What makes now so critical for Italy and Europe are the ongoing banking problems of Banca Monte Paschi, Italy's third largest lender. The European wide stress tests showed this to be the weakest financial institution in the continent in July. The Italian government is desperately trying to avoid a government bailout that could lead to catastrophic or even total losses for thousands of Italians account holders. Their alternative is to try to get investors to pour in another €5 billion into the gaping hole that this bank has become. At stake is the stability of the entire Italian banking system and potential contagion spreading to other troubled banks throughout the European Union.

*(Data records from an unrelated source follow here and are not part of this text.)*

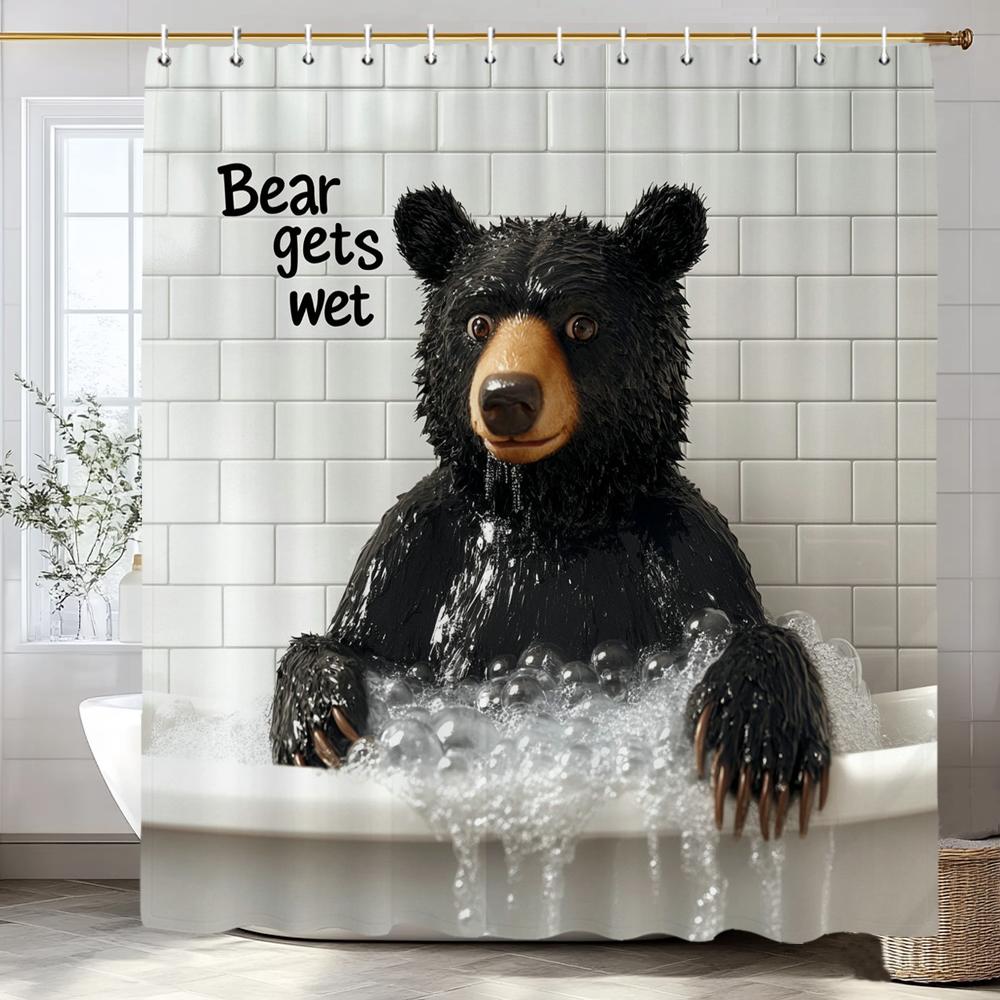 Cute Black Bear Bathing in the Bathtub Shower Curtain, Bathroom Decorative Shower Curtain, Waterproof Shower Curtain with Hooks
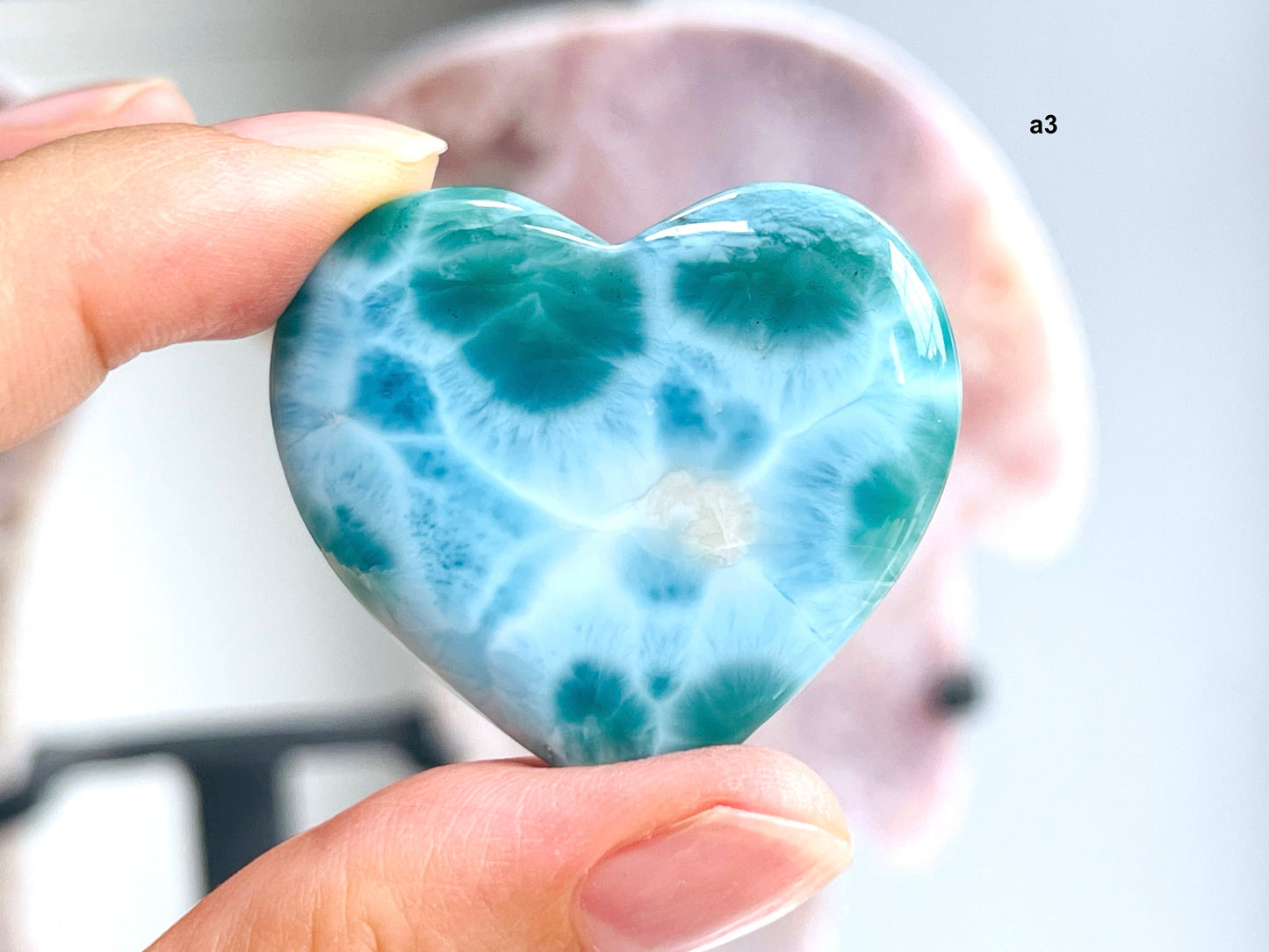 Larimar Heart, AAA+ Grade Natural Larimar Heart,  Large rare Larimar Heart, High Quality Larimar, Larimar Jewellery DIY, Crystal Gift -3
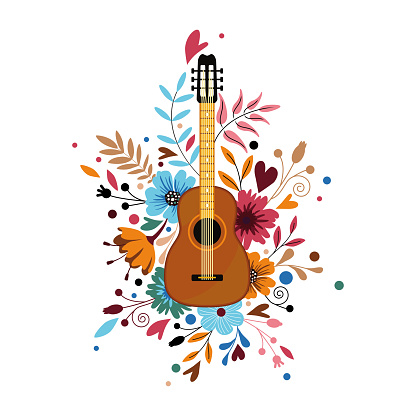 Flower guitar. Music image concept. Acoustic guitar with lots of flowers and twigs with leaves in a simple flat style. Vector illustration isolated on a white background for design and web.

Markets hate uncertainty, and that is what this late November Italian referendum represents. Should Renzi lose the vote, a caretaker prime minister would head the country's government until another national election is called. The President of Italy might feel no choice but to call for the elections right away, bringing in the fourth Italian Prime Minister in only a few years. The populist Five Star Movement, which leads the polls in Italy, has called for a Euro referendum in Italy the third largest economy on the continent. The European Union can not afford another major country to bail on the project after Great Britain. Now more than ever is the time to hold onto your gold retirement holdings.